On Wed, May 04, 2022 at 12:51:25PM +0200, Jan Beulich wrote:
> On 04.05.2022 12:30, Roger Pau Monné wrote:
> > On Wed, May 04, 2022 at 11:32:51AM +0200, Jan Beulich wrote:
> >> On 03.05.2022 16:50, Jan Beulich wrote:
> >>> On 03.05.2022 15:00, Roger Pau Monné wrote:
> >>>> On Mon, Apr 25, 2022 at 10:34:23AM +0200, Jan Beulich wrote:
> >>>>> While already the case for PVH, there's no reason to treat PV
> >>>>> differently here, though of course the addresses get taken from another
> >>>>> source in this case. Except that, to match CPU side mappings, by default
> >>>>> we permit r/o ones.
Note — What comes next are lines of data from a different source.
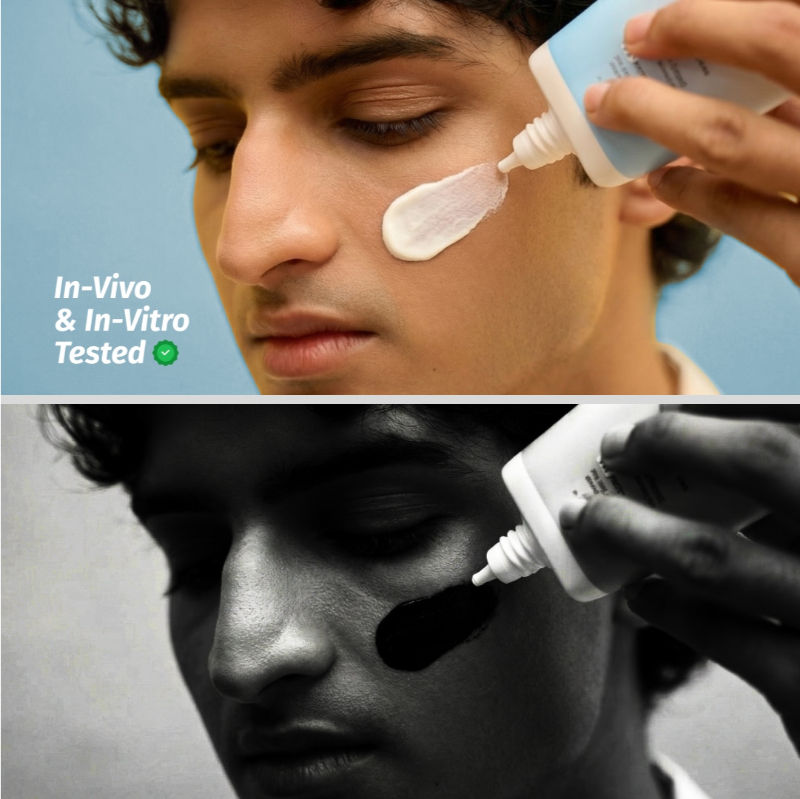 product image9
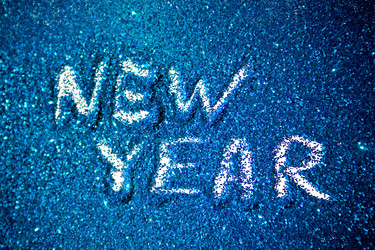 Similar image 499703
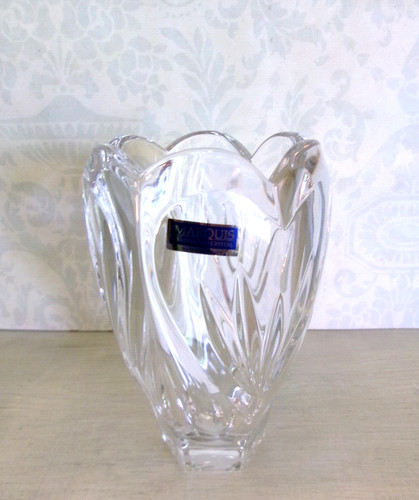 Marquis waterford lead - marquis,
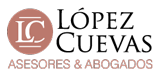 López Cuevas Asesores & Abogados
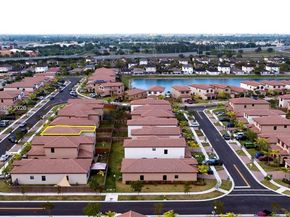 133 NE 23rd Ter, Homestead FL 33033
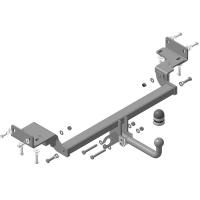 Фаркоп Motodor на Киа Спортейдж 2016-2018, арт:91004-A-1 Фаркоп Motodor на Киа Спортейдж 2016-2018, арт:91004-A-1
This then also means we now deal consistently with
> >>>>> IO-APICs whose MMIO is or is not covered by E820 reserved regions.
> >>>>>
> >>>>> Signed-off-by: Jan Beulich <jbeulich@xxxxxxxx>
> >>>>> ---
> >>>>> [integrated] v1: Integrate into series.
> >>>>> [standalone] v2: Keep IOMMU mappings in sync with CPU ones.
> >>>>>
> >>>>> --- a/xen/drivers/passthrough/x86/iommu.c
> >>>>> +++ b/xen/drivers/passthrough/x86/iommu.c
> >>>>> @@ -275,12 +275,12 @@ void iommu_identity_map_teardown(struct
> >>>>>      }
> >>>>>  }
> >>>>>  
> >>>>> -static bool __hwdom_init hwdom_iommu_map(const struct domain *d,
> >>>>> -                                         unsigned long pfn,
> >>>>> -                                         unsigned long max_pfn)
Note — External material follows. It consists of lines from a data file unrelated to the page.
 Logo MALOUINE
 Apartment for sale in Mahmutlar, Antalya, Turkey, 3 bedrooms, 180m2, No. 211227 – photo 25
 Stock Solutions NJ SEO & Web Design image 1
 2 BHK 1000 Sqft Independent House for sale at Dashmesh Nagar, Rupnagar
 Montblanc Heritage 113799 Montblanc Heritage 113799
> >>>>> +static unsigned int __hwdom_init hwdom_iommu_map(const struct domain 
> >>>>> *d,
> >>>>> +                                                 unsigned long pfn,
> >>>>> +                                                 unsigned long max_pfn)
> >>>>>  {
> >>>>>      mfn_t mfn = _mfn(pfn);
> >>>>> -    unsigned int i, type;
> >>>>> +    unsigned int i, type, perms = IOMMUF_readable | IOMMUF_writable;
> >>>>>  
> >>>>>      /*
> >>>>>       * Set up 1:1 mapping for dom0. Default to include only 
> >>>>> conventional RAM
> >>>>> @@ -289,44 +289,60 @@ static bool __hwdom_init hwdom_iommu_map
> >>>>>       * that fall in unusable ranges for PV Dom0.
> >>>>>       */
> >>>>>      if ( (pfn > max_pfn && !mfn_valid(mfn)) || xen_in_range(pfn) )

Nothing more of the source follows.